> _Exercise goal_
Your copy should match the listing word for word, apart from the pictures, which are left out.

> _Data block_
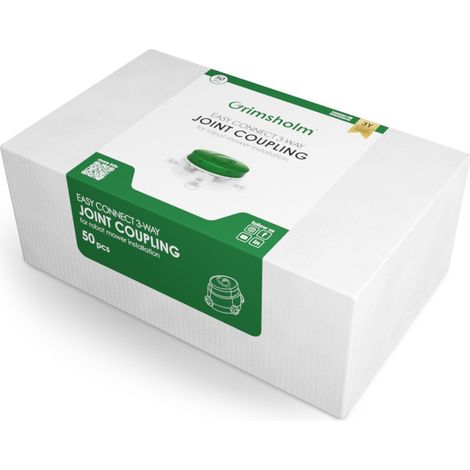 Grimsholm - Giunto Cavi Robot Tosaerba 314 Femmina Trasparente 0.5-1.5mm² - 50 Pezzi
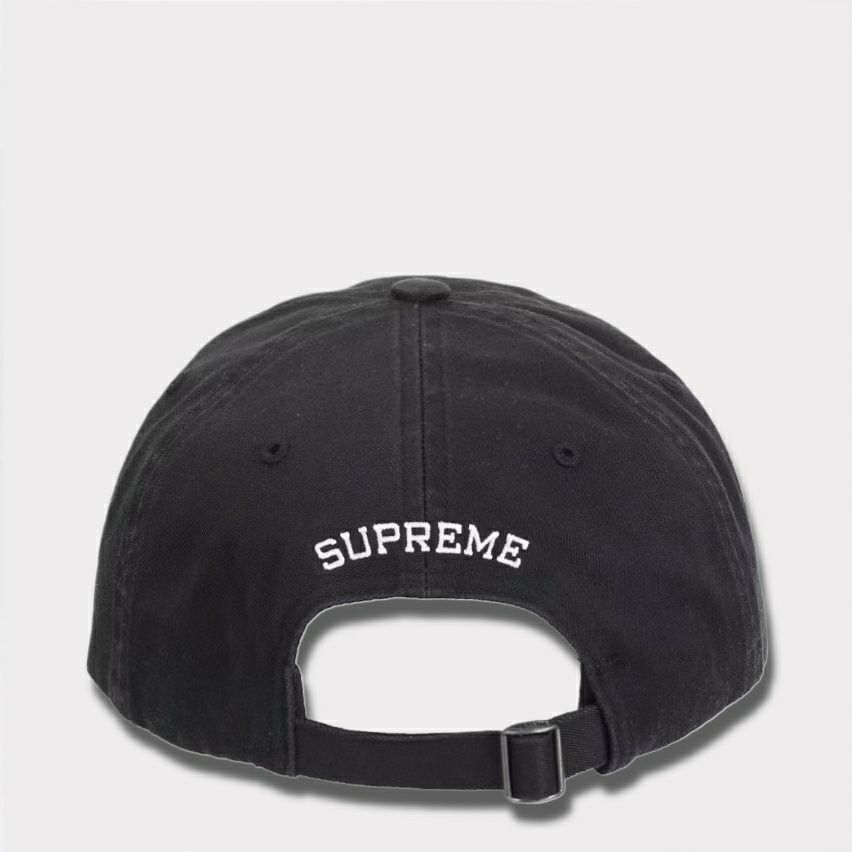 Supreme シュプリーム 2025SS Wings Logo 5Panel Cap ウイングスロゴ6パネルキャップ ブラック　黒1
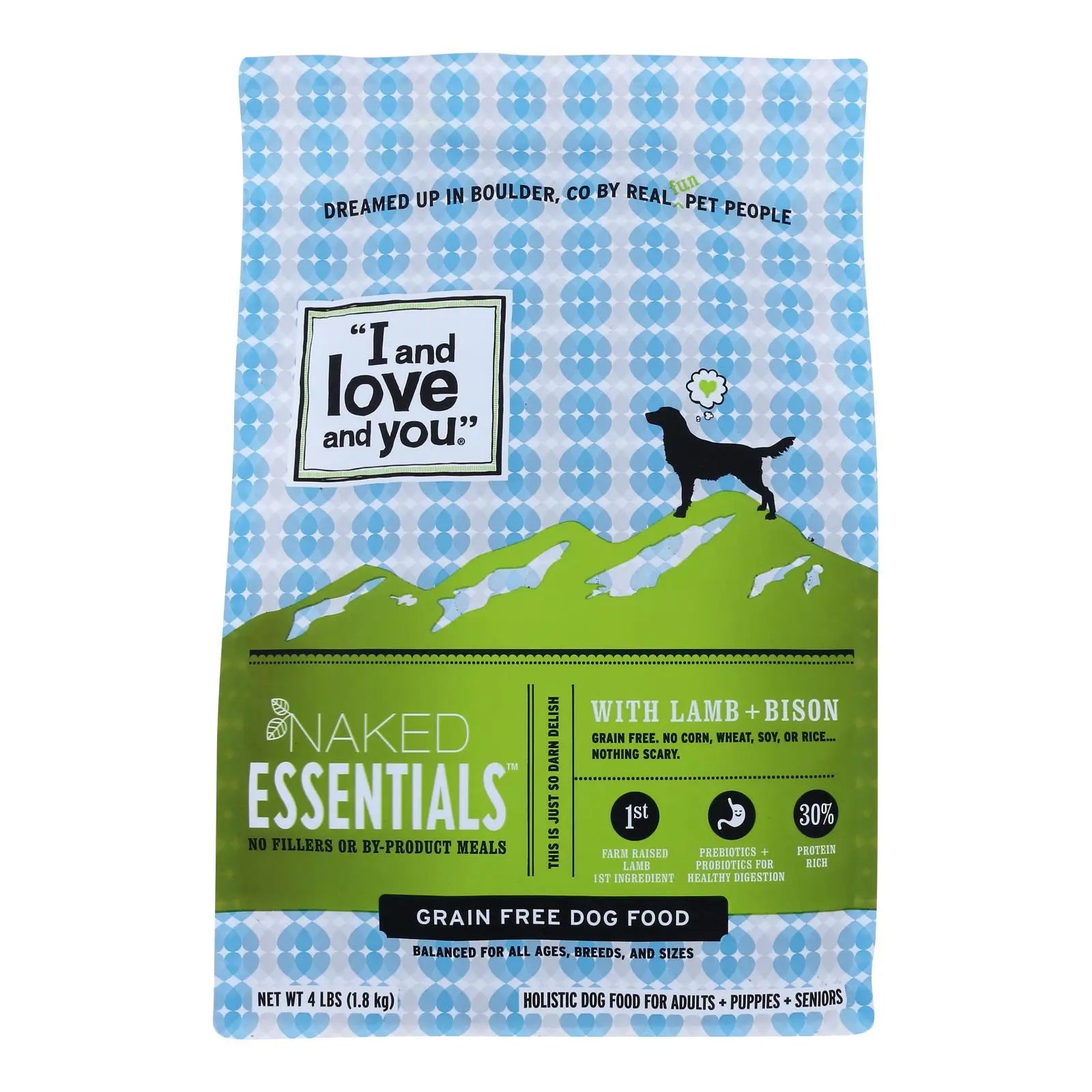 I And Love And You - Dog Kibble Lamb And Bison - Case Of 4-4 Lb I And Love And You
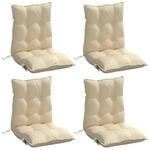 vidaXL Niedriglehner-Auflagen 4 Stk Beige Oxford-Gewebe 377681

> _Solution to this task_
 Grimsholm - Giunto Cavi Robot Tosaerba 314 Femmina Trasparente 0.5-1.5mm² - 50 Pezzi
 Supreme シュプリーム 2025SS Wings Logo 5Panel Cap ウイングスロゴ6パネルキャップ ブラック　黒1
 I And Love And You - Dog Kibble Lamb And Bison - Case Of 4-4 Lb I And Love And You
 vidaXL Niedriglehner-Auflagen 4 Stk Beige Oxford-Gewebe 377681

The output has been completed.